La llegada de la primavera muestra la variedad de árboles aromáticos: pino, almendros, manzano… Los campos llenos de amapolas aguardaban pacientes el vuelo incesante de los pájaros.
En mi infancia los días de Pascua eran una explosión de alegría, domingo de estreno, de sentimientos encontrados: de fe y de fiesta. Como siempre, la celebración de la Pascua era la llegada de procesiones, de penitencia y de echar cierre a la vida cotidiana.
En Villena se disfrutaban tres días de fiesta contando el domingo de Ramos, repartidos tradicionalmente. El primero, siempre, daba comienzo con la salida al campo situado en Bulilla. Mis hermanas y yo, con los vestidos recién estrenados, disfrutábamos el momento. Todos juntos, mis primos y nosotras, iniciábamos la caminata cantando canciones populares para entretenernos. Acompañadas de una cesta, que guardaba la merienda en su interior y la típica mona con su huevo duro y agua para la sed del camino.
Y el tercer día, “llamado el de las Cruces”, subíamos a la montaña. En medio de matorrales se buscaba un sitio donde poder saltar a la comba y en alguna roca grande se descansaba para tomar aliento o sacar a volar la vieja cometa ¡Que recuerdos, tan buenos!

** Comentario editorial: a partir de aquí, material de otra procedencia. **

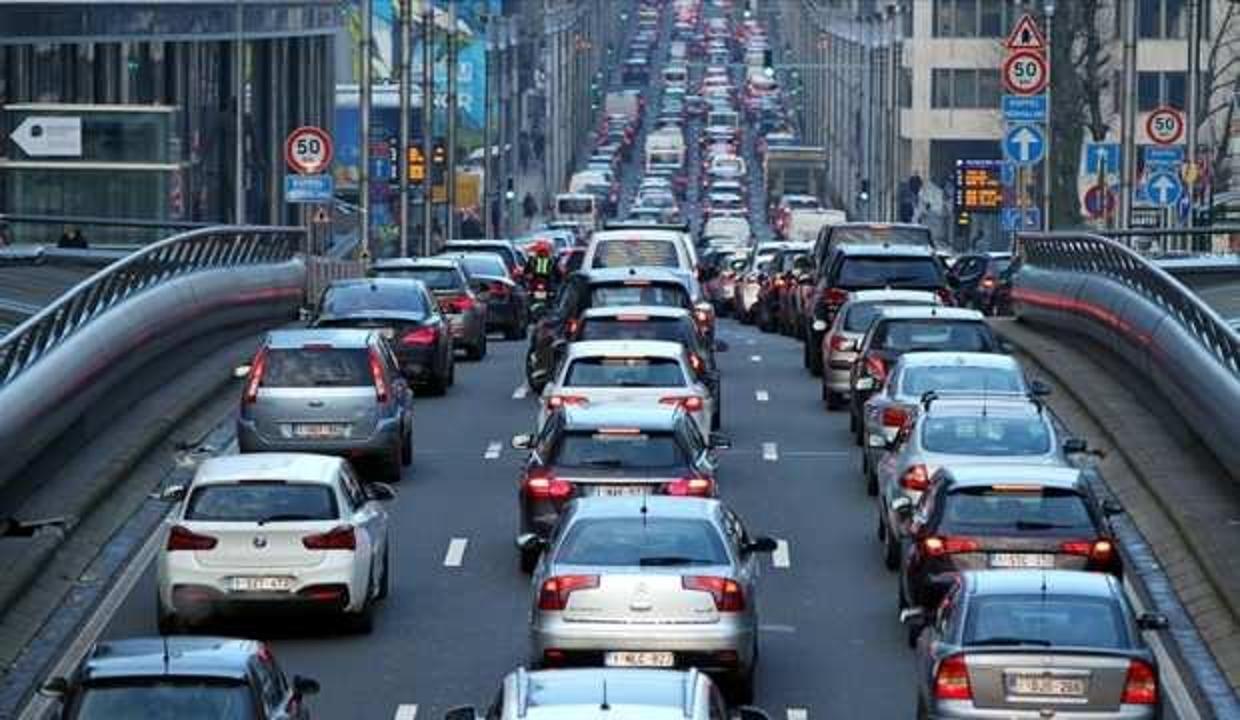 Belçika'daki 600 bin aracın yıl başından itibaren başkente girmesi yasak olacak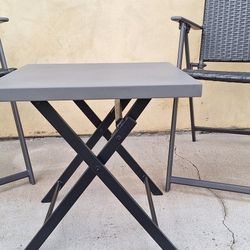Patio Table Set.  Like New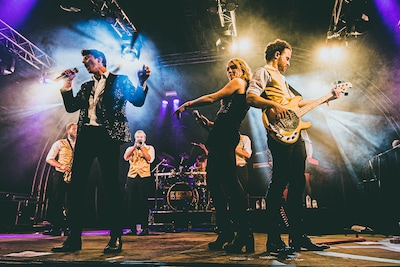 Hermes House Band treedt op in Oosterbeek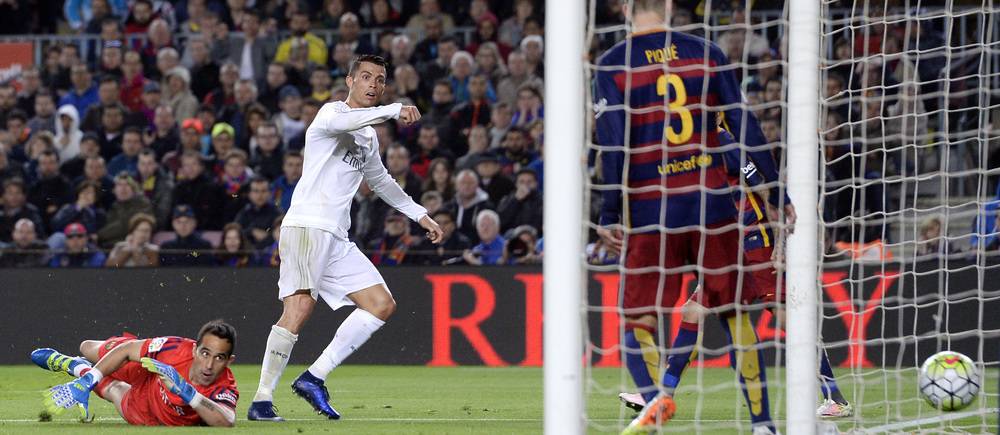 Le Real Madrid a remporte le clasico face au Barca (2-1) et stoppe la serie d'invincibilite des Catalans.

Cuando en el horizonte se dibujaba la luz tenue del atardecer, aunque con esfuerzo, se recogían las risas, las canciones, los juegos… se volvían con la ilusión puesta en el año siguiente.
Mientras el corazón me saltaba en la garganta y las venas me palpitaban como si la sangre fuera un panal lleno de abejas bailarinas, no podía creer que tanta alegría y nostalgia fuera capaz de tocarme hasta el último poro de mi cuerpo y de mi alma.